It may well be true that the family that prays together stays together, but the pseudo-family that does nothing but play and play up together is headed for a bust-up. That's precisely what befell the Force on Sunday when Matt Henjak slotted his team-mate Haig Sare, breaking his jaw.
Ever since the Force squad came together in mid-2005, the players have had no family networks to tap into, no old friends to catch up with, no-one to socialise with but themselves. That's a situation fraught with potential problems in any setting, let alone an isolated city renowned for its hard-drinking culture.
It's not that the Force's original chief executive Peter O'Meara was caught unawares. He would have been well acquainted with the ultimate failed experiment in a football code, the Western Reds, the Super League team dumped in Perth more than a decade ago.
But perhaps O'Meara looked at the Reds' player list, including Julian O'Neill, Rodney Howe and Daio Powell - the player acquitted of killing a young father-of-two in a fight outside a Perth nightclub - and figured the club was just dead unlucky. That not since Lee Marvin pulled together the Dirty Dozen had so many misfits all landed together in the one outfit at the one time.
He did, however, hedge his bets, engaging a psychologist to run the rule over his squad. Back came the report that there were no systemic problems within the club but that a couple of players did have a problem with alcohol.
O'Meara isn't one to name names, but let's take a wild stab: Henjak, who three times now has assaulted people while under the influence of alcohol - one of them O'Meara's son, Liam - and Scott Fava, who three times has been stood down from the team for breathalysing over the club's .05 limit, all this before he was fined $11,000 for mistreating quokkas on a recent pre-season team trip to Rottnest Island. So it was bewildering, not to mention alarming, that Force coach John Mitchell would acknowledge yesterday that not only was Henjak being taken to South Africa for the start of the Force's Super 14 campaign but that he would be starting early on Saturday morning (AEDT) against the Sharks because "he deserves his selection".
Perhaps he does in a purely rugby sense although in a purely rugby sense perhaps he needs to be flogged instead for breaking Sare's jaw and costing the Force the services of one of its frontline wingers for half the season.
But at the very least, it demonstrated an insensitivity on Mitchell's part that suggests he has not fully absorbed the lessons of his own coaching past. As director of rugby at English club Sale in the late-1990s, Mitchell is rumoured to have once ordered his players to front up early the morning after a particularly appalling performance in the Premiership. The players arrived full of trepidation but instead of punishing them on the training field, Mitchell allegedly pointed to a barrel of beer and told them to get stuck in.

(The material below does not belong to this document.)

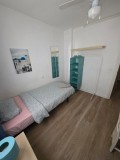 Foto8
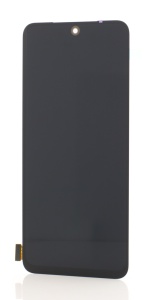 LCD Xiaomi Redmi Note 10 - pentru înlocuirea ecranului,  disponibil pe thenx.net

Six years later, former New Zealand captain Anton Oliver would accuse Mitchell of fostering a booze culture in the All Blacks during the three years he coached the side leading up to the 2003 World Cup, claiming the situation "spiralled dangerously out of control" under the head coach.
It's a claim Mitchell emphatically denies but it's difficult for him to deny that there are at least the makings of a trend here.
It's impossible not to sympathise with Mitchell for the situation he now finds himself in, courtesy of Henjak and Sare. He can cover the loss of a winger, barely, but if Henjak is suspended, or worse expelled from the club, the Force can kiss its season goodbye.
No disrespect to James Stannard, the back-up halfback, but he is uncapped at Super 14 level and not ready to play a starting role.
The situation is anything but fair to his innocent players and potentially career-wrecking as far as he himself is concerned.
After all, who can forget the persuasive Mitchell pitch of 2005, when he was doing his darndest to entice players to come to Perth: "A winning team with an exceptional culture."
So far the results have fallen well short of the rhetoric.